En outre, la forte augmentation du prix du beurre ne profite que partiellement aux producteurs laitiers. Dans le prix, « il y a en fait une différence entre la rémunération de la graisse et la rémunération de la protéine. Au final, cela reste insuffisant », explique Silvia Däberitz, directrice de l’EMB. Selon l’étude de l’EMB, réalisée par le bureau d’études agricoles allemand BAL sur base de données officielles et d’un échantillon représentatif d’exploitations laitières, le coût de production moyen d’un kilogramme (ou litre) de lait en Belgique atteignait en 2016 41,37 centimes d’euro, loin des 26,70 centimes payés en moyenne aux éleveurs.

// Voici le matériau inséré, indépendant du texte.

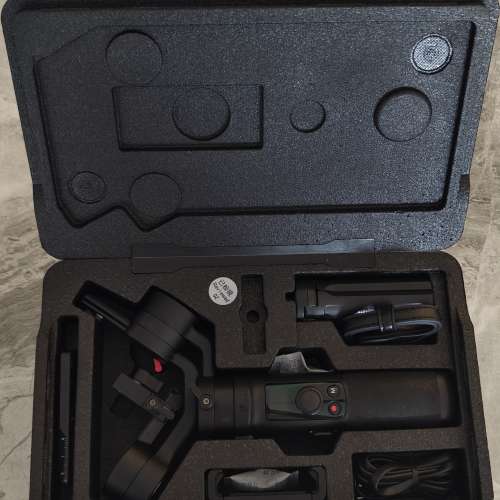 ZhiYun Crane M2 phone or compact camera stabalizer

En d’autres termes, le prix du lait en Belgique ne couvrait en 2016 que 65 % des coûts de production. Ceux-ci comprennent les charges liées aux semences, aux frais de vétérinaires, aux engrais, aux aliments pour le bétail, aux frais généraux, au fermage, etc. Il est également tenu compte d’une rémunération « équitable » pour le producteur laitier.

Dans l’autre sens, la valeur de la viande bovine et les aides octroyées aux agriculteurs sont déduites des coûts. La situation était comparable au Danemark, où les coûts de production étaient l’an dernier de 39,77 centimes le kg, en France (41,02 centimes/kg), en Allemagne (41,17 centimes/kg) et aux Pays-Bas (42,66 centimes/kg). « Cette étude montre que nous ne sommes pas payés pour le travail que nous faisons. Si nous voulons une agriculture et du lait de qualité en Europe, il faut payer le prix », résume Sieta van Keimpema, productrice de lait aux Pays-Bas et vice-présidente de l’EMB.

Forte de ces chiffres, qui permettent d’objectiver la situation des agriculteurs, l’EMB réclame la mise en place, dans l’Union européenne, d’un mécanisme permanent permettant, en cas de crise, de limiter ou de réduire la production laitière pour une durée limitée, afin de faire remonter les prix. « Les producteurs laitiers ne veulent pas de subsides. Ce dont nous avons besoin c’est d’un mécanisme légal qui permette d’éviter les crises », poursuit Sieta van Keimpema. L’EMB a ainsi mis au point un « programme de responsabilisation face au marché » destiné à être appliqué lorsque le marché du lait connaît un déséquilibre. Ce programme prévoit des mesures de surveillance du marché (via l’Observatoire du marché laitier) et des mesures d’intervention.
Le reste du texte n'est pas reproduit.